KR1 plc
Tuesday 12 May 2026
NOT FOR RELEASE, DISTRIBUTION OR PUBLICATION, DIRECTLY OR INDIRECTLY, IN WHOLE OR IN PART, IN OR INTO THE UNITED STATES , AUSTRALIA, CANADA, JAPAN, T H E REPUBLIC OF SOUTH AFRICA OR ANY OTHER JURISDICTION WHERE TO DO SO WOULD CONSTITUTE A VIOLATION OF THE RELEVANT LAWS OR REGULATIONS OF SUCH JURISDICTION. PLEASE SEE THE SECTION ENTITLED "IMPORTANT NOTICE" TOWARDS THE END OF THIS ANNOUNCEMENT.
KR1 plc ("KR1" or the "Company')
Publication of Supplementary Prospectus
The Board of Directors of KR1 plc announces the publication today of a supplementary prospectus (the "Supplementary Prospectus") relating to the Placing Programme of up to 125,000,000 Ordinary Shares of KR1 plc.
The publication of the Supplementary Prospectus is a regulatory requirement under the Prospectus Regulation Rules following the publication of the Company's report and accounts for the financial year ended 31 December 2025.
The Supplementary Prospectus should be read and construed in conjunction with the prospectus dated 29 October 2025 relating to the above-mentioned Placing Programme (the "Prospectus").
To view the Supplementary Prospectus, please paste the following URL into the address bar of your browser:
https://www.KR1.io/investors/documents
The Supplementary Prospectus has been submitted to the National Storage Mechanism and will shortly be available for inspection at: https://data.fca.org.uk/#/nsm/nationalstoragemechanism.
About KR1 plc
KR1 plc is a digital asset technology company listed on the London Stock Exchange, focused on the infrastructure layer of decentralised networks.
Contact
For further information, please contact:
KR1 plc (KR1:LSE)
George McDonaugh, Keld van Schreven
Phone: +44 (0)1624 630 630
Email: investors@KR1.io
Singer Capital Markets (Corporate Broker and Financial Adviser)
Investment Banking: Alex Bond, James Fischer
Equity Sales: William Gumpel
Phone: +44 (0)20 7496 3000
Email: enquiries@singercm.com
SEC Newgate (PR, Media and Financial Communications Adviser)
Ian Silvera, Bob Huxford, Dafydd Rees
Phone: +44 (0)20 3757 6882
Email: KR1@secnewgate.co.uk
IMPORTANT NOTICE
Singer Capital Markets, which is authorised and regulated in the United Kingdom by the FCA, is acting exclusively for the Company in connection with the matters described in this announcement and is not acting for or advising any other person, or treating any other person as its client in relation thereto, and will not be responsible for providing the regulatory protection afforded to its clients, nor for providing advice to any other person in relation to the matters contained herein.

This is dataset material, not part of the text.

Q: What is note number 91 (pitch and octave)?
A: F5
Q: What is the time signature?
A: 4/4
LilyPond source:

The distribution of this announcement, the Prospectus and/or the Supplementary Prospectus in certain jurisdictions may be restricted by law. Other than in the United Kingdom, no action has been taken, nor will any action be taken, by the Company or Singer Capital Markets that would permit an offer of the Company's shares or possession, issue or distribution of this announcement, the Prospectus or the Supplementary Prospectus (or any other offering or publicity material relating to the Company's) in any jurisdiction where action for that purpose is required or where doing so is restricted by law. Accordingly, neither this announcement, nor any advertisement, nor any other offering material may be distributed or published in any jurisdiction except under circumstances that will result in compliance with any applicable laws and regulations. Persons into whose possession this announcement (or any other offering materials or publicity relating to the Company's shares) comes should inform themselves about and observe any such restrictions. Any failure to comply with these restrictions may constitute a violation of the securities laws of any such jurisdiction.

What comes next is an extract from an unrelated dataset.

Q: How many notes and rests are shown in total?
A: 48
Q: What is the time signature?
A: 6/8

The shares of the Company have not been, and will not be, registered under the U.S. Securities Act of 1933 (as amended) (the "US Securities Act") or under the securities laws of any state or other jurisdiction of the United States, and may not be offered or sold into or within the United States absent registration, except pursuant to an applicable exemption from, or in a transaction that is not subject to, the registration requirements of the US Securities Act and in compliance with the securities laws of any relevant state or other jurisdiction of the United States. Moreover, the shares of the Company have not been, nor will they be, registered under the applicable securities laws of Australia, Canada, the Republic of South Africa or Japan. Further, the Company is not, and will not be, registered under the U.S. Investment Company Act of 1940, as amended. Subject to certain exceptions, the shares of the Company may not be offered or sold in the United States, Australia, Canada, the Republic of South Africa or, Japan or to, or for the account or benefit of, any national, resident or citizen of the United States, Australia, Canada, the Republic of South Africa or Japan.